(TASK DATA)
____________________

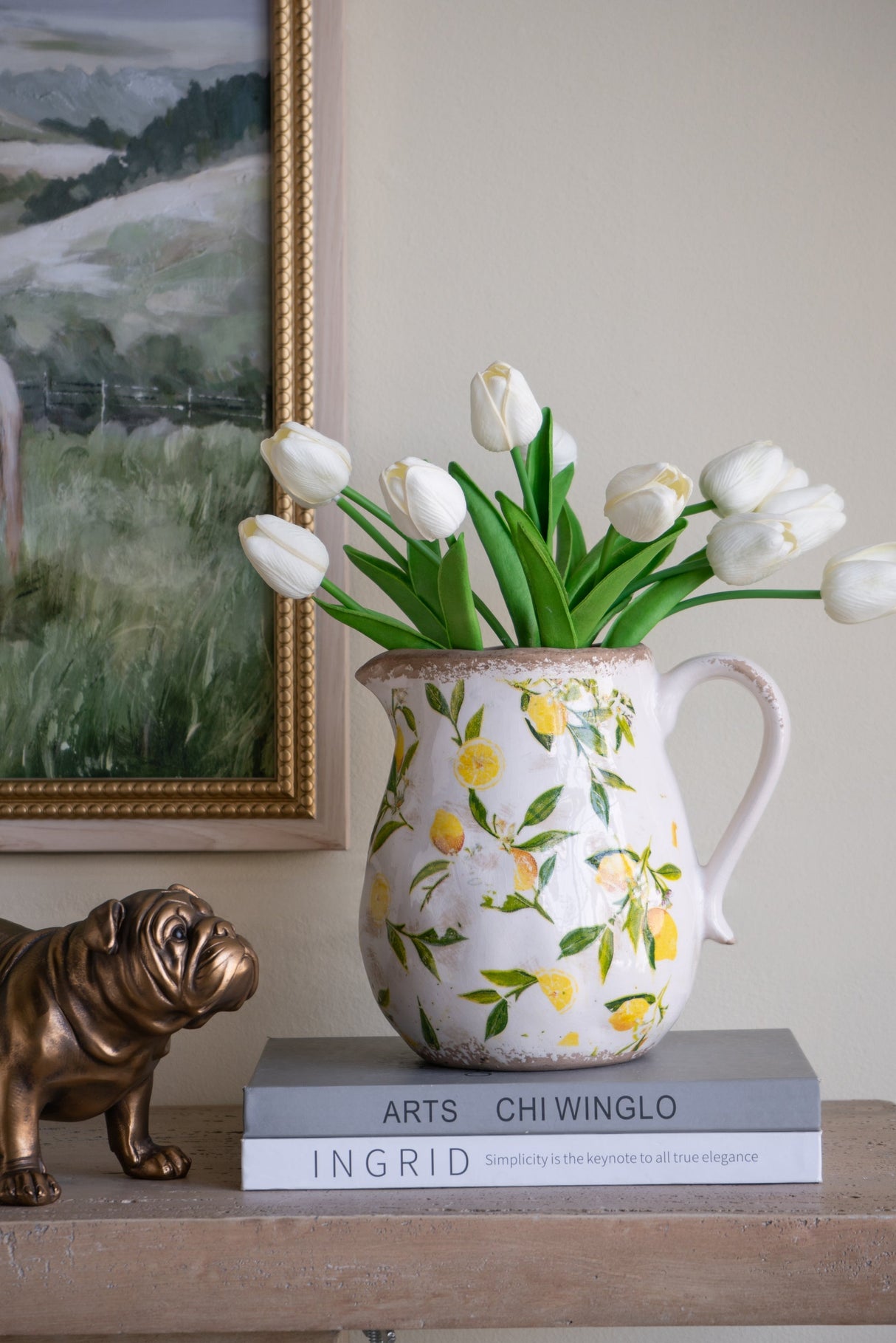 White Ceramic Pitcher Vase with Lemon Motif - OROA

____________________

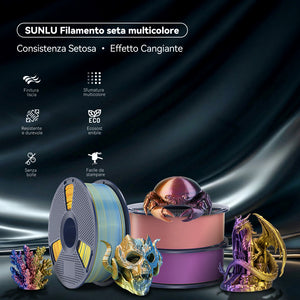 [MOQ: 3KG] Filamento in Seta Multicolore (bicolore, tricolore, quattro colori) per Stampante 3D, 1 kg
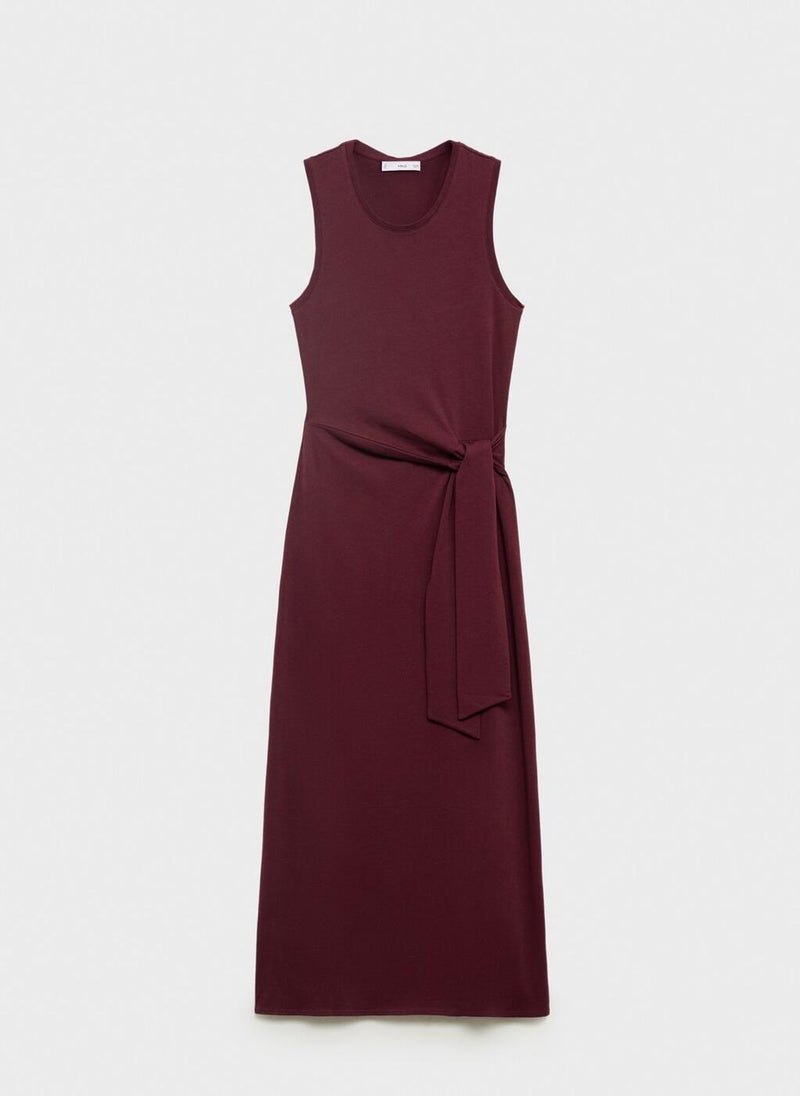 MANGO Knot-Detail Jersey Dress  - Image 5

____________________

(TASK DESCRIPTION)
Going by the data above, give back only the lines from the one containing "[MOQ: 3KG] Filamento" through the one containing "MANGO Knot-Detail Jersey", exactly as they stand, both ends included and no images.

(TASK OUTPUT)
 [MOQ: 3KG] Filamento in Seta Multicolore (bicolore, tricolore, quattro colori) per Stampante 3D, 1 kg
 MANGO Knot-Detail Jersey Dress  - Image 5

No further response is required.